RP [00:24:33] Well, he wanted to be moved. He said, “I want to, I’m going to continue on. I’m in the union, I’m involved in the union, and I want to work in the liquor store. I got many years in there.” So he gets transferred to Vancouver, into the Vancouver, one of the liquor stores there. And so it put him off. He was no longer our representative at the bargaining and, because now he was placed into Vancouver until we can open up a vacancy, hold an election and get him back in, we don’t have representation in the negotiations. And I was the first vice chair, and this was, yeah, it was, I guess Vander Zalm was in, maybe it was ’86. It would have been ’86. I think Vander Zalm was then the Premier. And, of course, there’s the whole agenda of privatization and all the stuff going around there. We’d had some bargaining around, in our Component level and every single time the employer tried to take away our modified workweek, the four-day workweek, they said, well, that’s no good. It’s not efficient enough. We need to get rid of that. Well, our answer is, no, it’s not going to happen. We will not agree to, you know, people love it! And the warehouse workers had a nine day fortnight, so they work five days, then four or five and four like that. And, and during that time, you know, I want to talk about the, uh, Nelson, Nelson Mandela was coming out of jail at that time and we were pushing boycott of South African liquor products.

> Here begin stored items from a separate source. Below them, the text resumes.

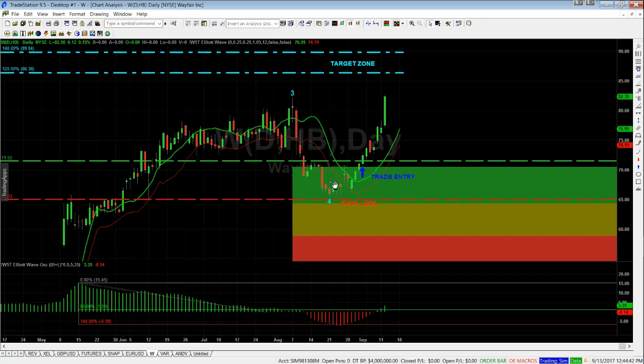The first trade is on Wayfair (W). We've had a nice wave 4 pullback which has pulled back into our dynamic pullback zones. It's found support in our green zone, which is the 85% probability zone, indicating it's going to go on and make a new wave 5 high.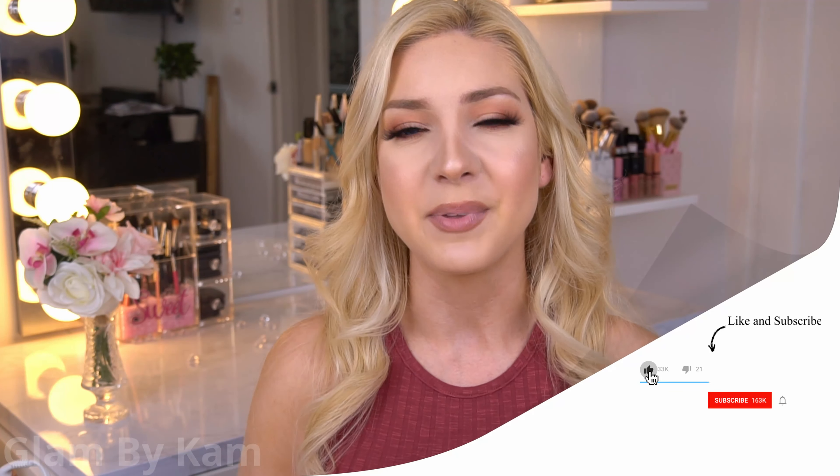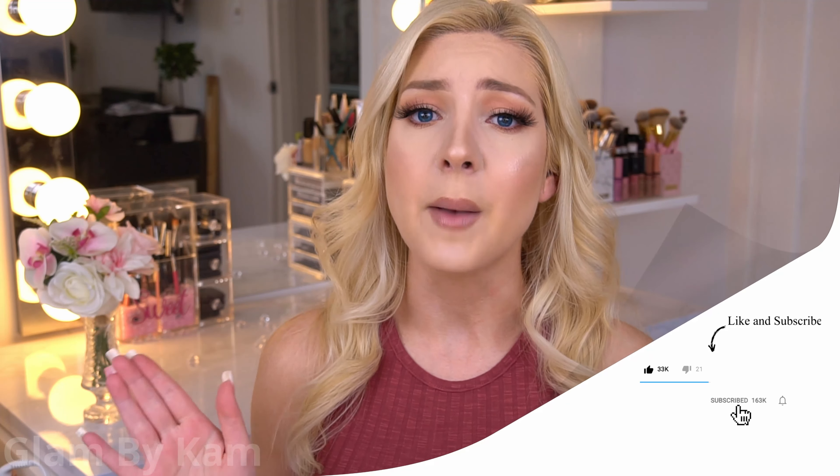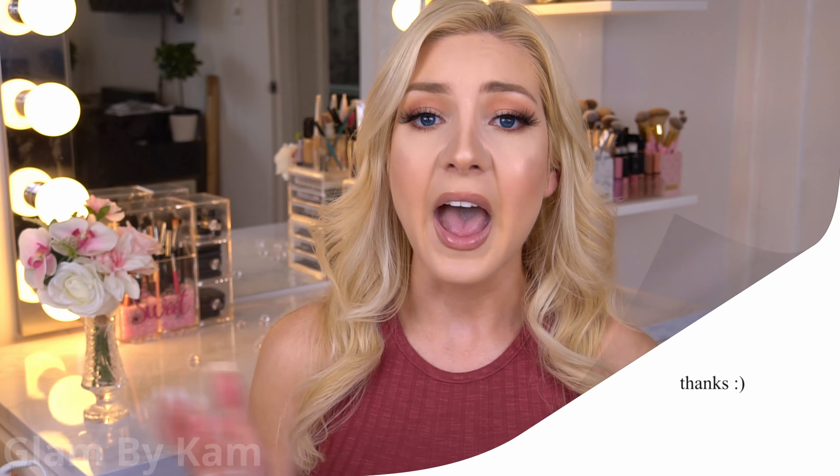I hope you enjoyed my super honest, obviously unsponsored review — I would always fully disclose sponsorships and it wouldn't change my opinion anyway because I don't want you guys wasting your money. If you found this video helpful, please hit the like button and subscribe because I have so many more videos like this coming where I'm going to be spilling the tea on all these brands. Leave me a comment letting me know what else you want me to review!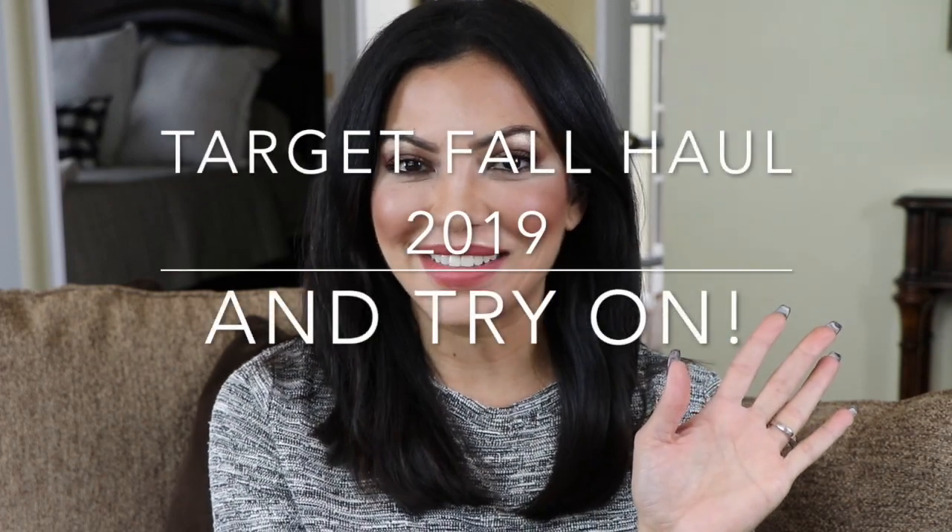Hey guys, welcome back to my channel. Today I have a Target Fall Clothing Haul. I wanted to show you what I bought from Target for my new fall wardrobe. So if you'd like to see what I bought, please keep watching.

PL [00:26:25] So the GEU was pushing for that or the labour movement was pushing for that?
RP [00:26:29] Well, it was across the country and in fact Mulroney at the time was in favour of that.
PL [00:26:36] Right.
RP [00:26:37] And our contribution with the BCGEU was booze. Well we’ll shut, we’ll stop the flow of it. But there was a lot of, you know, across the country, a lot of people knew that times were changing. We can’t keep this anymore, can’t keep supporting and push so Mandela can get out and, you know, change what was happening in South Africa. So the best way to do that is if, you know, we stopped in some of the stores, stopped selling it, just put it in the back shelf. It’s not going to be touched. But some of it, it just didn’t work that way. But if you shut it off at the warehouse, they can come in on the boats, on the wherever, cross on the train. But they, they don’t get loaded on the trucks. They don’t get out to the stores. So the warehouse guys were solid on that. Don’t touch it. So it just kept stacking up. At the same time, they’re trying to take away their modified workweek.
PL [00:27:39] Yeah.
RP [00:27:40] In bargaining.
PL [00:27:41] Yeah.
RP [00:27:42] And we would not agree. So because we didn’t agree to this and we sold some things, it went to the master bargaining chip, which was for over wages and other outstanding issues. And this time it, you know, to solve the impasse was—the government said we’ll send the modified workweek in the warehouse to an arbitrator to decide whether we should change it. End it. Well, you can do stuff like that, maybe with wages or maybe not sometimes, but not hours of work. We would lose that. So as first-Vice I got, there was a tentative agreement, and so I hooked up on the phone call, you know, and the President says, ‘Well, you know, here’s the deal. The warehouse workers hours of work are going to the arbitrator.’ I said, ‘Yeah, well, I’ll tell you, I’m going to organize and we’re going to vote no and I’ll go beyond the liquor component.’ I said, ‘We’re going to vote no and we’re going to say why. And by the way, as well, the South African boycott is off. I can’t tell the guys to support this while our union agrees to send our hours, their hours of work to an arbitrator.’ So, I mean I just went ballistic on him. I just couldn’t believe it. You know, to me it was, we had no representation at that time. So anyways, a couple of days later, we got a call. ‘No problem, it’s off.’ (laughter)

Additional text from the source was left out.